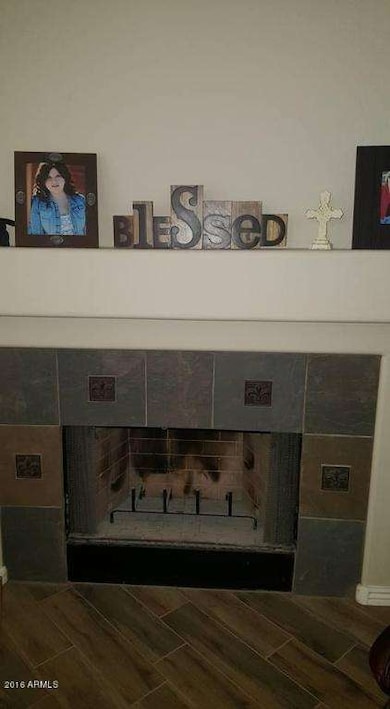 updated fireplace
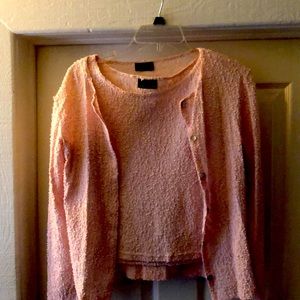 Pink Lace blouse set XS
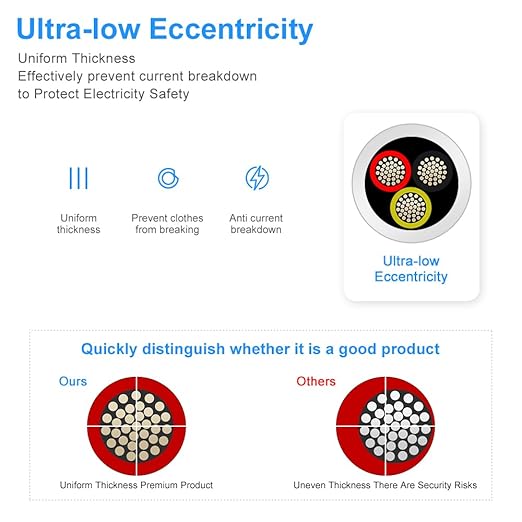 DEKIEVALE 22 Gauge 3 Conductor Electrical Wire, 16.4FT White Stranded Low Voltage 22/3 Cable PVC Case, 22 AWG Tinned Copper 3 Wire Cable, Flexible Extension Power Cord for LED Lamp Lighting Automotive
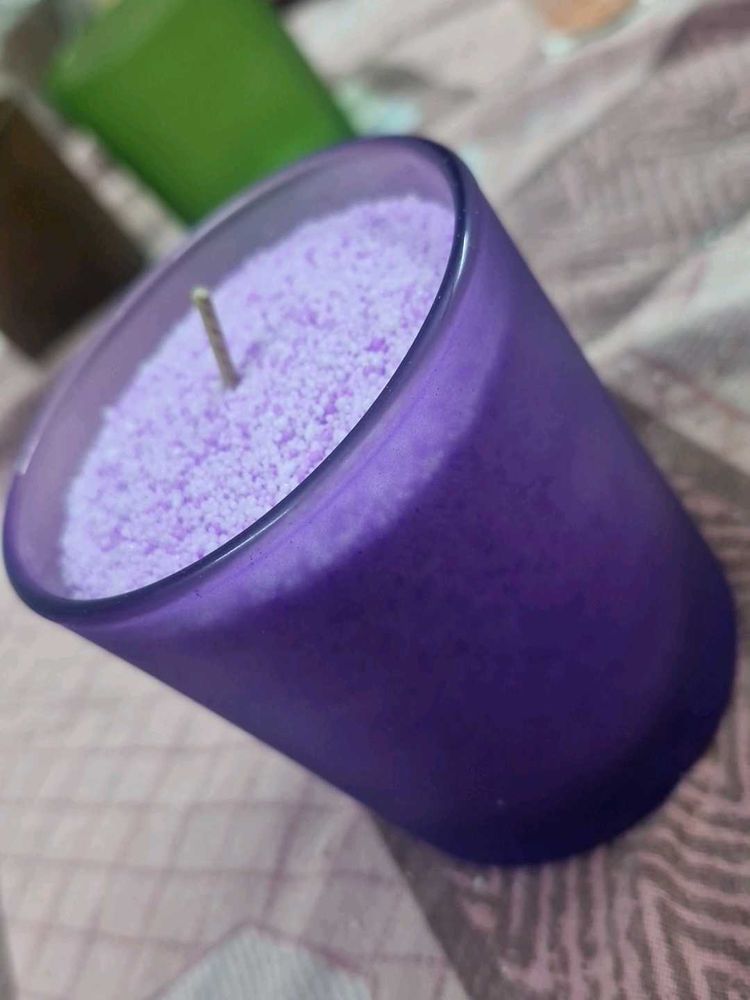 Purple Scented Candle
○ ○ ○ ○ ○ ○ ○
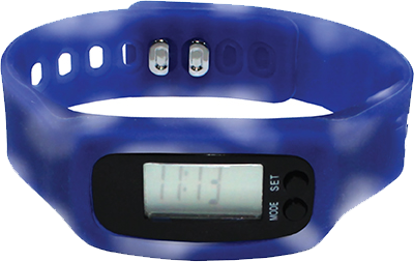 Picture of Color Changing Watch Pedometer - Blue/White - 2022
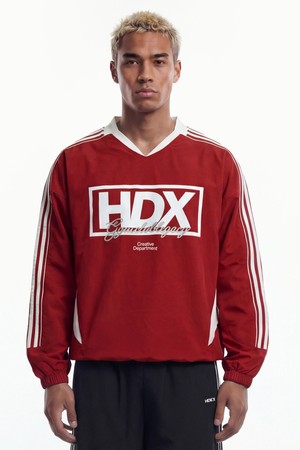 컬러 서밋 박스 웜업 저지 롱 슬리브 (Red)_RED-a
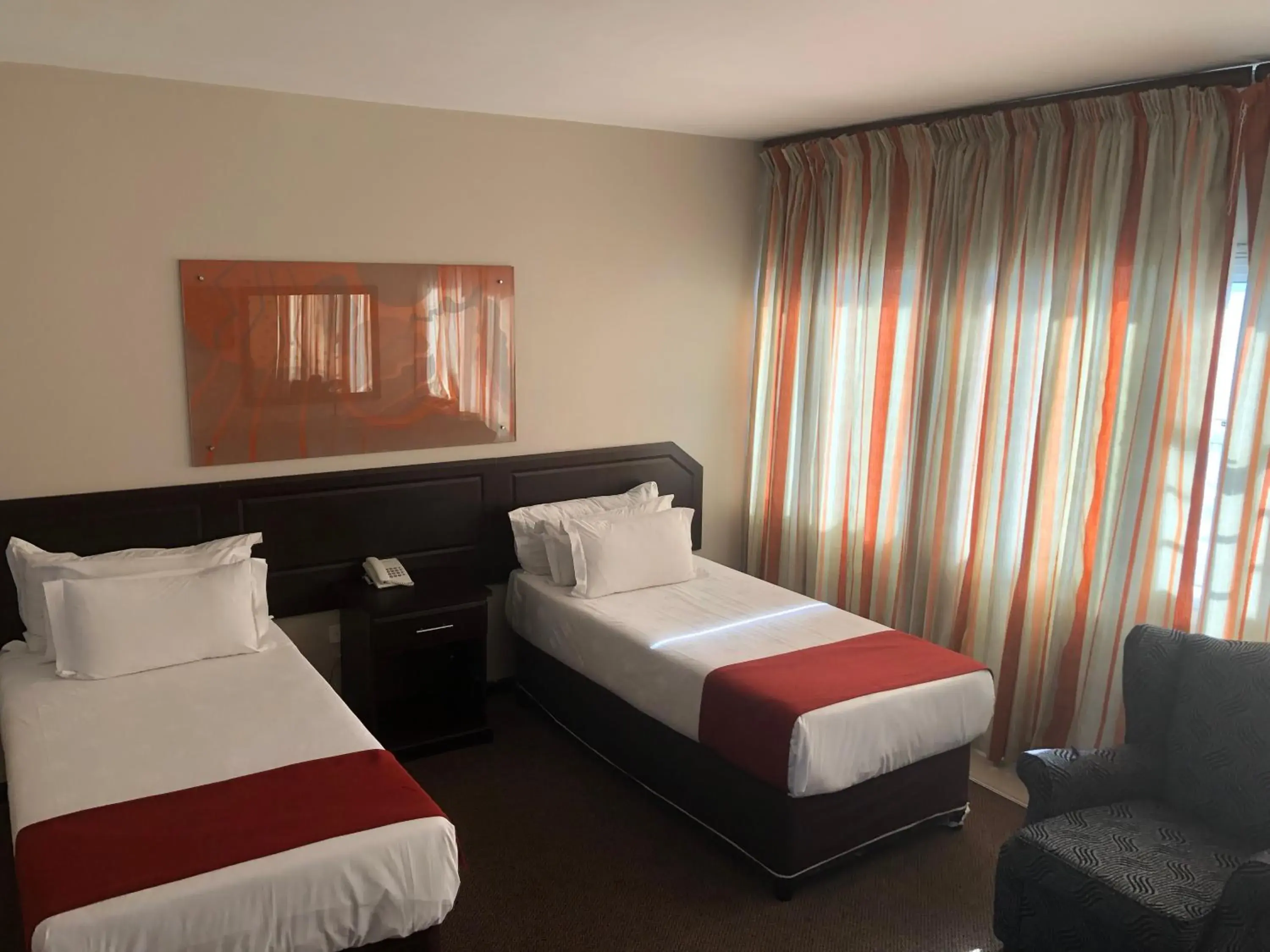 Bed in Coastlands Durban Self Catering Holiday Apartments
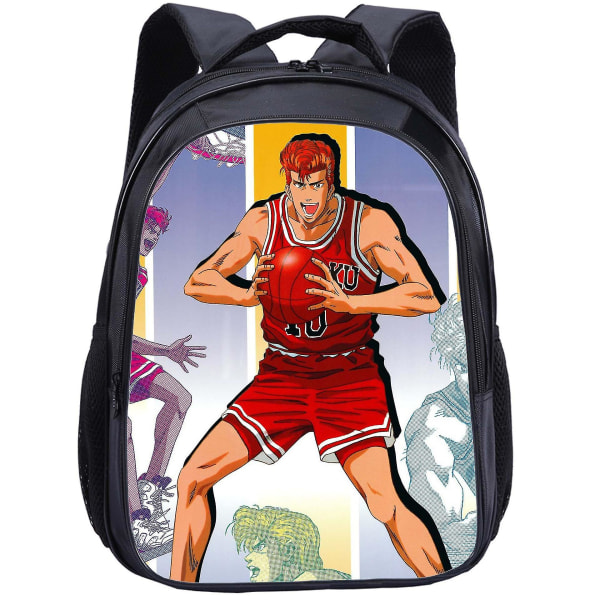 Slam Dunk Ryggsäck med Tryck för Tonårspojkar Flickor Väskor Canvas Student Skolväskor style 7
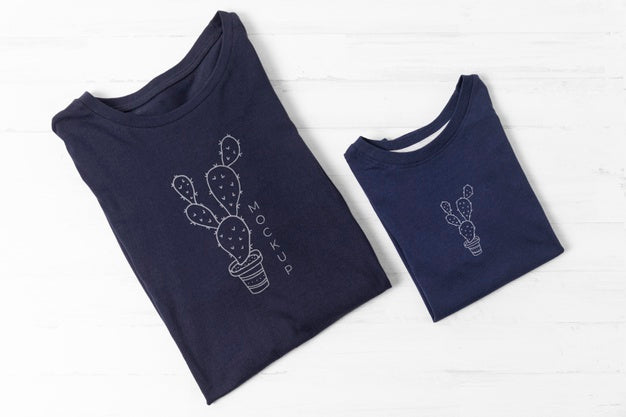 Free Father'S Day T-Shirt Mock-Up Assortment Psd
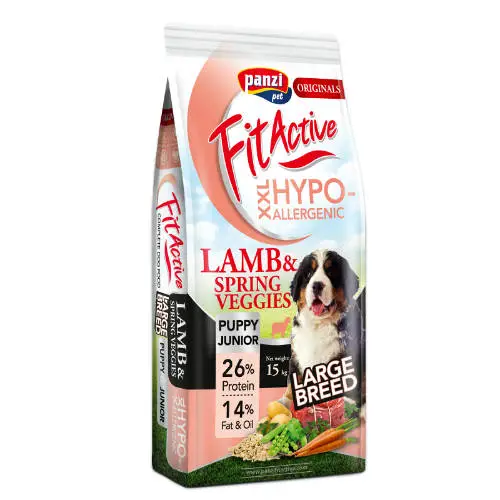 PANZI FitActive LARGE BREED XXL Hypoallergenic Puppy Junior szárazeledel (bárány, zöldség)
○ ○ ○ ○ ○ ○ ○
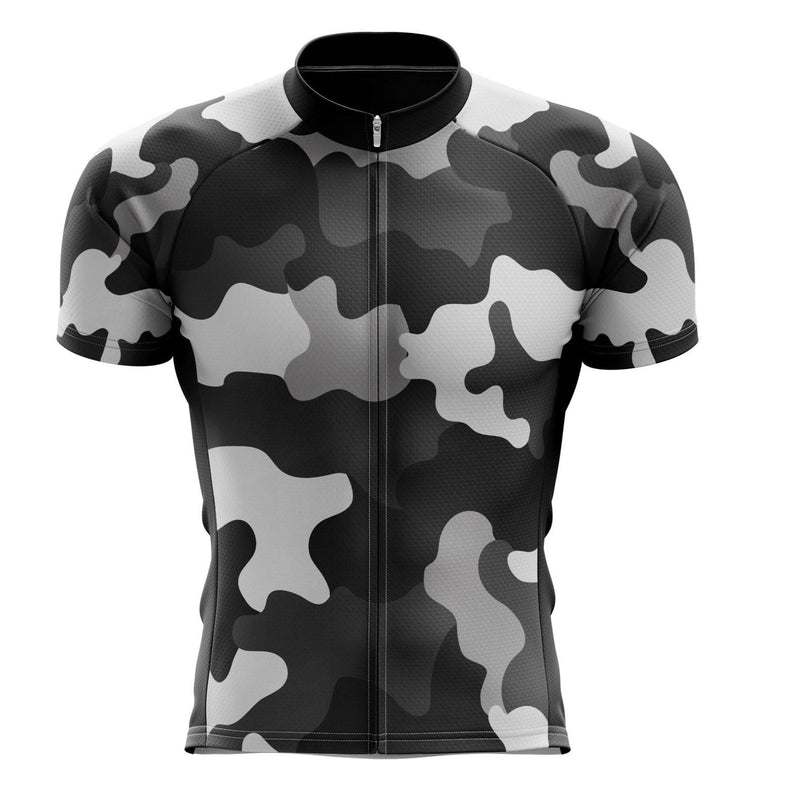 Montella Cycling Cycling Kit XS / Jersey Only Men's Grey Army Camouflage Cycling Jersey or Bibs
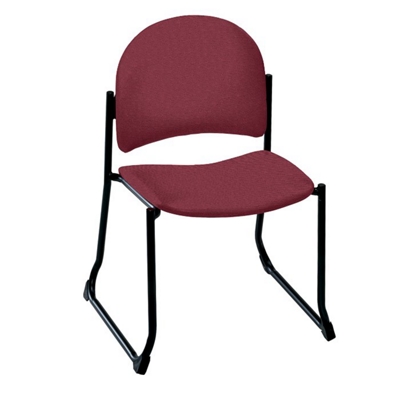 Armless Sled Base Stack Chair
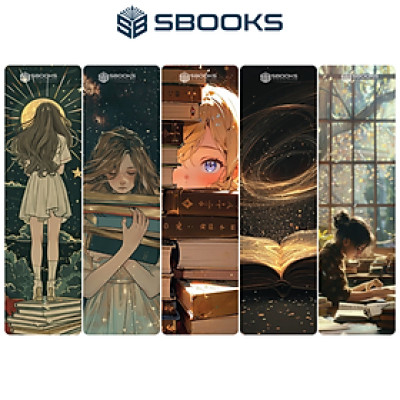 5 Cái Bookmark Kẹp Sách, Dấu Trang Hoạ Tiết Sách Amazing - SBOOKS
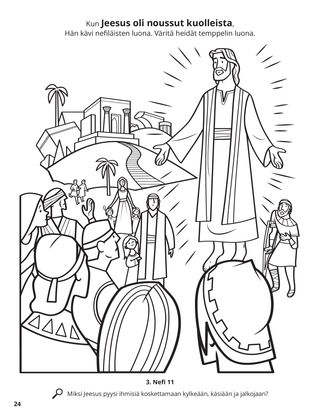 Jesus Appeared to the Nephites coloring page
○ ○ ○ ○ ○ ○ ○
Only one part of the listing is wanted: the lines from the one containing "updated fireplace" through the one containing "Purple Scented Candle", both included. Please transcribe it exactly, leaving out the pictures.

 updated fireplace
 Pink Lace blouse set XS
 DEKIEVALE 22 Gauge 3 Conductor Electrical Wire, 16.4FT White Stranded Low Voltage 22/3 Cable PVC Case, 22 AWG Tinned Copper 3 Wire Cable, Flexible Extension Power Cord for LED Lamp Lighting Automotive
 Purple Scented Candle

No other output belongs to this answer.